Environnement Lançonnais

Pesticides : « N’avons nous pas atteint un point de non-retour ? »

samedi 29 juin 2013 par Alain KALT (retranscription)

Le 13 juin 2013 par Marine Jobert

Gérard Bapt, député PS de Haute Garonne.

L’Institut national de la santé et de la recherche médicale (Inserm) a rendu ce 13 juin une méta-analyse de la littérature scientifique internationale sur les effets des pesticides sur la santé, tant dans la population agricole que générale [JDLE]. A cette occasion, Gérard Bapt, député socialiste de la Haute-Garonne, membre de la commission des affaires sociales, président de la mission d’information de l’Assemblée nationale sur le Mediator et la pharmacovigilance et ancien président du groupe d’étude Santé environnementale de l’Assemblée nationale a répondu aux questions du Journal de l’environnement.

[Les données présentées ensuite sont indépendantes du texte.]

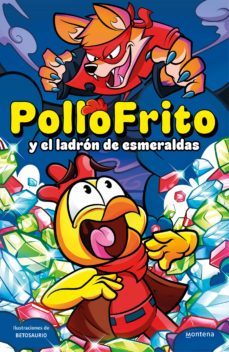 pollofrito y el ladron de esmeraldas (ebook)- pollofrito-9788419421579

JDLE - Que pensez-vous de ce travail ?

Gérard Bapt - L’intérêt de cette méta-analyse (dont une synthèse est disponible ici) est de donner corps et substance aux connaissances, mais aussi aux insuffisances de connaissances. Cette analyse exhaustive des expositions fait la démonstration que l’essentiel de la population générale est exposée. C’est aussi ce que montre la cohorte bretonne Pelagie[1], qui a mis en évidence la présence de 44 molécules[2] de pesticides jusqu’à 84% des échantillons prélevés. Et dans 5% des cas, des pesticides interdits depuis plusieurs années, comme l’atrazine (molécule mère et métabolites) interdite depuis 2002, ont été trouvés.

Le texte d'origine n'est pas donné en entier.